Fatti, signori e signore d'altri tempi: a guardia della sala d'aspetto sonnecchiava il vecchio Tell un enorme, mansueto cane da caccia. Basterebbe richiamare un anno qualsiasi e ritrovarsi in ambulatorio, per veder seduti nella stessa sala un'autista degli Agnelli, l'attore Ernesto Calindri, frati Maristi, ferrovieri e gente comune; la stessa sala che avrebbe accolto in seguito qualche reduce dalla Campagna di Russia, ufficiali tedeschi in borghese e partigiani con tanto di bombe a mano ficcate nella cintura. Comunque, sulla scena della scienza dell'igiene, quello che più fra tutti vorrei evocare è l'anno in cui Teresa "La Veja" sparì per qualche tempo. Non si sapeva che fine avesse fatto; di colpo tutti provarono quel senso di smarrimento che si vive quando manca qualcosa di essenziale, l'appuntamento che sembra eterno e scontato, come il sole che sorge, con quella donnina. Un po' come chi si accorge dell'assenza di quell'uccellino, che ad ore precise faceva una capatina sul davanzale, fintanto che la finestra non si fa più zitta. Così la biancheria si accumulava, si accumulava, finché un bel giorno di sole si presentò  in ambulatorio una sostituta. La sua figura si delineò  in controluce, ragione per cui risaltarono soltanto i capelli bianchi. Avanzò  trepida verso il mucchio di indumenti sporchi e mio bisnonno, che per qualche secondo stentò  a riconoscerla, fece capolino dalla porta dello studio domandando alla donna di servizio: chi ca  cola là? Era Teresa, ma qualcosa di strano l'aveva sconvolta nell'aspetto, come una malattia strana, capace di trasformare una donna anziana in una vecchia. Il suo viso sembrava intimidito e meno energico: sun staita all'ospidal, disse, e a l'an fame 'l bagnl'an lavame! Carica di modestia, semplicità e imbarazzo, retaggio di quell'antico pudore contadino, ormai dissolto, che mi spinge a voler riflettere sulla nostra mancanza di curiosità, piuttosto che a elogiare le abitudini terrestri di un mondo che non si vede più, o  a consolidare l'idea che i pregi e i valori del passato siano un patrimonio perduto.
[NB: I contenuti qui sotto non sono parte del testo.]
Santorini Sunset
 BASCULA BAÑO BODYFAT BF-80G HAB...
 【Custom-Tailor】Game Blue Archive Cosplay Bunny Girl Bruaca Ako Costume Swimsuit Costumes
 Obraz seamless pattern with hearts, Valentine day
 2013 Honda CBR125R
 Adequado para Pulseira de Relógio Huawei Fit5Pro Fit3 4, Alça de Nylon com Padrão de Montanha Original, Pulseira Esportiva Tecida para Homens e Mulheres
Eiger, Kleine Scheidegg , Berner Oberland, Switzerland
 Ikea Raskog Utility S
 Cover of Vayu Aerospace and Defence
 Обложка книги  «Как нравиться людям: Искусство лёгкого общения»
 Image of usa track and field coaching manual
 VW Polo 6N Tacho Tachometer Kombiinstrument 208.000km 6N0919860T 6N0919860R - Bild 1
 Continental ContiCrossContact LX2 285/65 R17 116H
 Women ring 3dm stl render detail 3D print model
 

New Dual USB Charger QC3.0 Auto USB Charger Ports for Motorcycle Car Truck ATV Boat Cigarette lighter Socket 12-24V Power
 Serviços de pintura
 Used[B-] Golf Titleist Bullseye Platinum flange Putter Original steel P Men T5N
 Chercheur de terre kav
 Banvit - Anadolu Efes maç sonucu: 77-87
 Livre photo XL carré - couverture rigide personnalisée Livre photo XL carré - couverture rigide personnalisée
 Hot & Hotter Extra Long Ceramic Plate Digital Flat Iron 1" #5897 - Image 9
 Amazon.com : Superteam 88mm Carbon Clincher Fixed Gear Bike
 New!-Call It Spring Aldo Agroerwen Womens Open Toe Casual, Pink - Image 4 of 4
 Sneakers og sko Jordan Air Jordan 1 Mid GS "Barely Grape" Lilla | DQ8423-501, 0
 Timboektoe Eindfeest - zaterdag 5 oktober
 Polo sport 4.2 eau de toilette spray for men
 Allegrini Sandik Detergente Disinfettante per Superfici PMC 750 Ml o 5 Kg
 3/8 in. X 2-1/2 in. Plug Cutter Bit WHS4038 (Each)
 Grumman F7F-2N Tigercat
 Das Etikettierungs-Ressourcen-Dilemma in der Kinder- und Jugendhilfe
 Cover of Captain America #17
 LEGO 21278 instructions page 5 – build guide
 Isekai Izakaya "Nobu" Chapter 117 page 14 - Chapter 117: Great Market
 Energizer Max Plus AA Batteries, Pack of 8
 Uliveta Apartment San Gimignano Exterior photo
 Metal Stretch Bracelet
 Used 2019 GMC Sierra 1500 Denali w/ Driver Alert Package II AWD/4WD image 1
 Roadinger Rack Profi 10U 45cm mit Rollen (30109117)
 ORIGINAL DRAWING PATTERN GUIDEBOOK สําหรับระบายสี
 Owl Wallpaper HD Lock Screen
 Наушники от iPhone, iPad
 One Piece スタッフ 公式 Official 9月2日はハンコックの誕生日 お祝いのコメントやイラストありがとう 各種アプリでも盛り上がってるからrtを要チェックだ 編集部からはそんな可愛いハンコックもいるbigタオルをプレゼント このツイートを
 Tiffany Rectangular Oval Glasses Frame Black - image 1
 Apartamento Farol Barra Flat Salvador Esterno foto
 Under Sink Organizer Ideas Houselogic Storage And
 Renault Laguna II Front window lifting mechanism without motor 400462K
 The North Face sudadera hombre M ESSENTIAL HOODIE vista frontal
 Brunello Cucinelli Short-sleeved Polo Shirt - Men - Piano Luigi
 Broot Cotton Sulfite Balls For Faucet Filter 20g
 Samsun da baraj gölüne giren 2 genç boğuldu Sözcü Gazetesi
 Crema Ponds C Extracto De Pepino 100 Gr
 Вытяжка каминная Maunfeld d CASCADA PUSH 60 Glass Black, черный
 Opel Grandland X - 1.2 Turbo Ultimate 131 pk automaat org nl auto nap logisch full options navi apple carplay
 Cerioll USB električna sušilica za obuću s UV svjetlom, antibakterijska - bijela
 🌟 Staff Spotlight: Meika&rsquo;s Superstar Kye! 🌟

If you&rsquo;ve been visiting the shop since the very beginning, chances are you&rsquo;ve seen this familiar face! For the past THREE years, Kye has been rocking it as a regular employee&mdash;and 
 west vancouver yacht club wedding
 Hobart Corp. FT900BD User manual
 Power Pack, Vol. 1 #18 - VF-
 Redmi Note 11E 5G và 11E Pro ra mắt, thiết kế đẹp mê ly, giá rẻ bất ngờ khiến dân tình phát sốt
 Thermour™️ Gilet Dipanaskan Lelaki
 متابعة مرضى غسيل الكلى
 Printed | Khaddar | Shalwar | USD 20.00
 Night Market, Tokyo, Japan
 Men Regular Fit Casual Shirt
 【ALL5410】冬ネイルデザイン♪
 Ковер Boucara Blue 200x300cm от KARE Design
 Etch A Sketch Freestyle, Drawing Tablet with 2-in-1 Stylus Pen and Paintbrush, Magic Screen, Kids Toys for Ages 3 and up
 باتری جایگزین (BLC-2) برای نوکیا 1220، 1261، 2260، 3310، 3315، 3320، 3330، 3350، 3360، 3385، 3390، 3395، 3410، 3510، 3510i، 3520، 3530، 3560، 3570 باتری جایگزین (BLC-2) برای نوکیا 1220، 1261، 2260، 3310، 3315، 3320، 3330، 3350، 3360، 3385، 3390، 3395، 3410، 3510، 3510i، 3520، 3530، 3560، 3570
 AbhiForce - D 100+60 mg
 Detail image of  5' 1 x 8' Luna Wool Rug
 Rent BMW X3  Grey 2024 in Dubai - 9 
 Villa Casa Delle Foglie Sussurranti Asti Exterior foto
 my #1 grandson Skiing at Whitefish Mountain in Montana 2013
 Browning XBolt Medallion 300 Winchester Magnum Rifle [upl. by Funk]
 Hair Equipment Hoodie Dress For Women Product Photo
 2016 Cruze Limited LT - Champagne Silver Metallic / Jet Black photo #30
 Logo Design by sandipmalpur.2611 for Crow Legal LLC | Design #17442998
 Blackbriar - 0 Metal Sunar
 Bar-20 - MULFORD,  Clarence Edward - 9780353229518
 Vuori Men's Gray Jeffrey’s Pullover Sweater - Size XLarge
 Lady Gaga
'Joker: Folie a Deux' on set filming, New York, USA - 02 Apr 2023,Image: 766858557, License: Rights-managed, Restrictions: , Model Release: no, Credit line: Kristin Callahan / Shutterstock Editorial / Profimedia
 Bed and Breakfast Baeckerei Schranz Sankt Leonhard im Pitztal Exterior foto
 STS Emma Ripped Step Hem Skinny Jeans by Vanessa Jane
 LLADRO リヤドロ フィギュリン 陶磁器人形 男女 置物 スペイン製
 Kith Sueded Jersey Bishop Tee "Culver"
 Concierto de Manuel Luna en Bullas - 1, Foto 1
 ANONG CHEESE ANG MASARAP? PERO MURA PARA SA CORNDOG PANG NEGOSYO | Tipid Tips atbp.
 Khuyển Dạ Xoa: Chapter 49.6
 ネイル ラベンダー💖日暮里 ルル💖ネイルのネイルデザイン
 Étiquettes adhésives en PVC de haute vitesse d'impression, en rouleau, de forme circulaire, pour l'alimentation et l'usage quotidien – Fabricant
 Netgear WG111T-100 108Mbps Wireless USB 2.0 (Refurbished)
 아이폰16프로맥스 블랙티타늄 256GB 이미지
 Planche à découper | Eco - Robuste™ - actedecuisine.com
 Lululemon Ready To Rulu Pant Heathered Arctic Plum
Perché è tornando ad essere curiosi, a partire dalle cose semplici, che ci si può  riappropriare della morale e dello spirito che il benessere materiale ha relegato in zone lontane, da dove tutto appare scontato e prevedibile come le istruzioni di una lavatrice. 

Francesco Albano 


4 commenti:

  1. Bellissima storia! se ne potrebbe fare un racconto.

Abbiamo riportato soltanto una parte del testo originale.